At the Intersection of Hollywood and Crime: Robert Weibezahl
Today I welcome my friend author/editor Robert Weibezahl. Robert Weibezahl is the author of two crime novels featuring
screenwriter-sleuth Billy Winnetka -- The Wicked and the Dead and The Dead Don't Forget -- and a number of short stories, including the Derringer
Award finalist "Identity Theft," which appears in the anthology Deadly by the Dozen. His two literary cookbooks/anthologies--A Taste of Murder
and A Second Helping of Murder, co-edited with Jo Grossman, were both
finalists for the Agatha and Macavity Awards. A columnist for "BookPage"
since 2002, his work has also appeared in the "Los Angeles Daily News,"
"Los Angeles Reader," "Ventura County Star, "Mystery Readers Journal,"

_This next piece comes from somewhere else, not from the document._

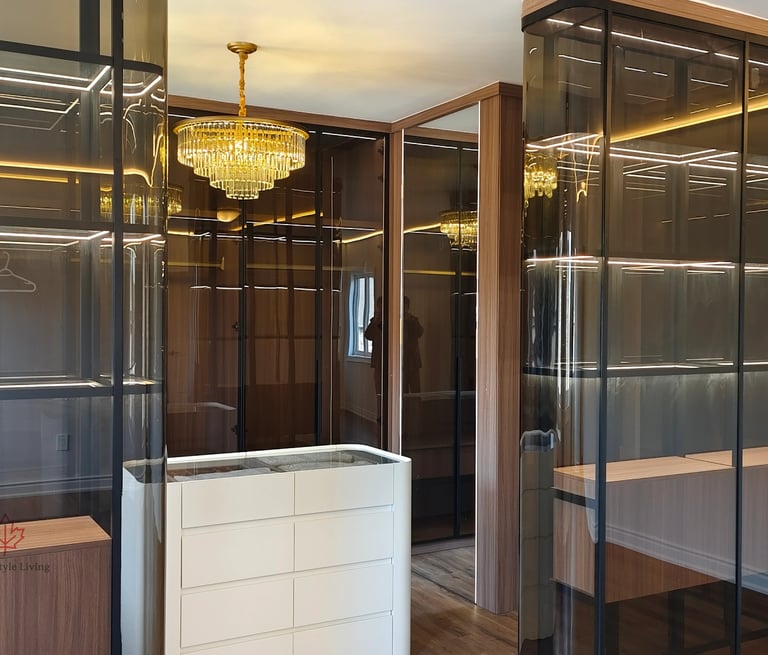 Modern luxury walk-in closet with gold crystal chandelier, LED-lit glass shelving, and white island dresser.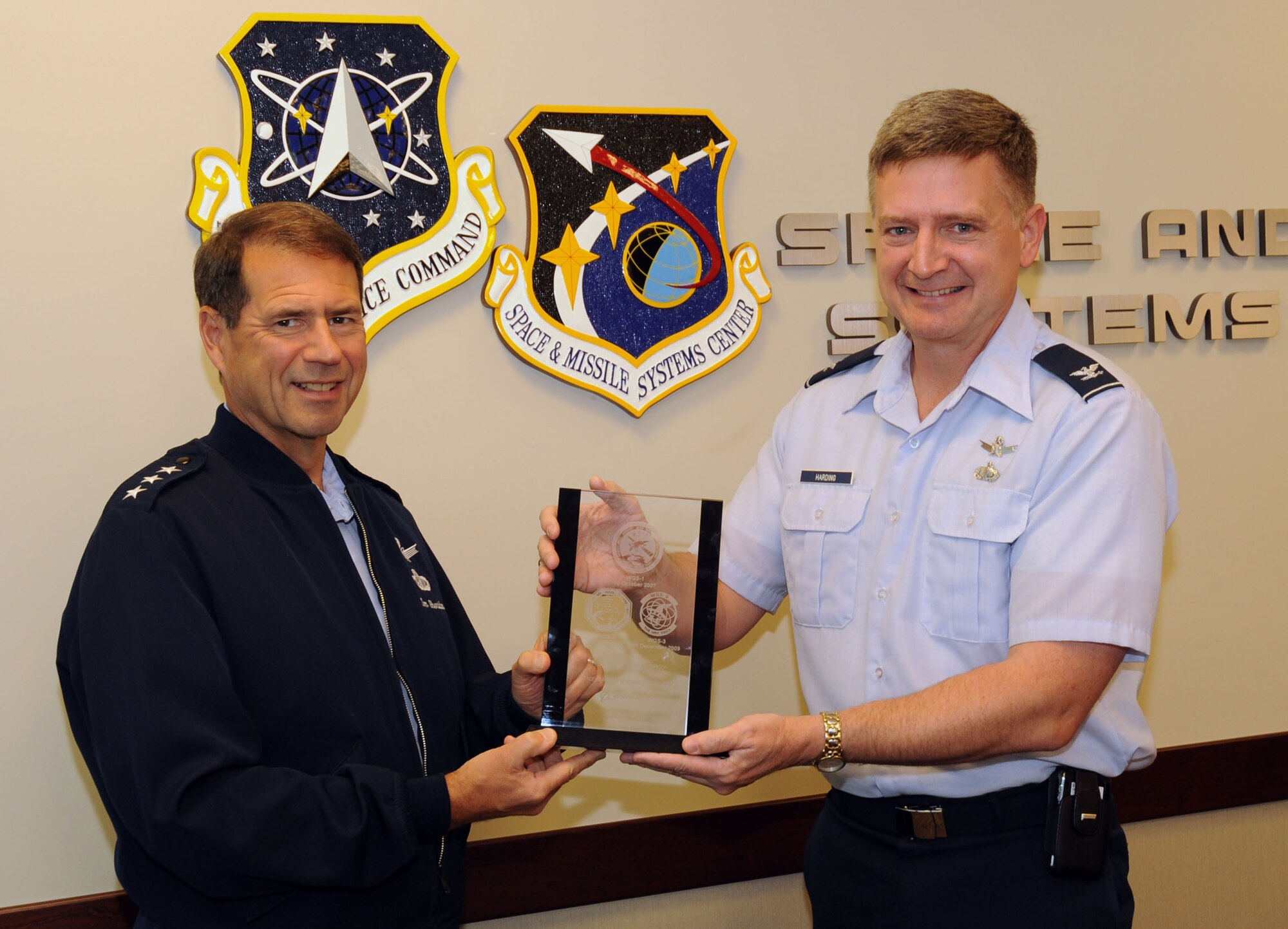 Lt. Gen. Tom Sheridan, SMC commander, receives a commemorative plaque from Col. William Harding, Military Satellite Systems Wing deputy commander, March 8.  The plaque was presented to SMC by The Boeing Corporation to mark the completion of the Wideband Global SATCOM Block I satellites. (Photo by Lou Hernandez)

"Bikini," "Irish America," and many other national and regional
Robert Weibezahl: At the Intersection of Hollywood and Crime
Hollywood has a notorious love affair with crime – not only on screen, but off. Soon after the film industry settled in Los Angeles, high profile crimes and misdemeanors began to capture the public’s imagination. The list of not-quite-resolved cases involving murder and mayhem seems endless. In the 1920s, director William Desmond Taylor was found shot in the back in his bungalow, his murderer never found; actor Fatty Arbuckle was acquitted of rape and manslaughter, the final verdict a ruined career; Thomas H. Ince died aboard William Randolph Hearst’s yacht, allegedly of a heart attack, but many believe Hearst killed him in a jealous rage over actress Marian Davies. The cold cases continue through the decades: actors Thelma Todd and George Reeves—official suicides, but perhaps murders? Bob Crane was bludgeoned to death, the weapon and the killer who wielded it never found. Robert Blake and O.J. Simpson were the only viable suspects in the murders of their respective wives, but both walked away free men (and, under similar circumstances, Phil Spector nearly did as well). The official investigation into Natalie Wood’s mysterious death was recently reopened some thirty years after the fact. Even the Tinseltown murders where the culprits are known—the deaths of Phil Hartman, Sharon Tate, Rebecca Schaeffer, Dorothy Stratten, and Sal Mineo come to mind—continue to carry a peculiar taint, marred by unseemly details.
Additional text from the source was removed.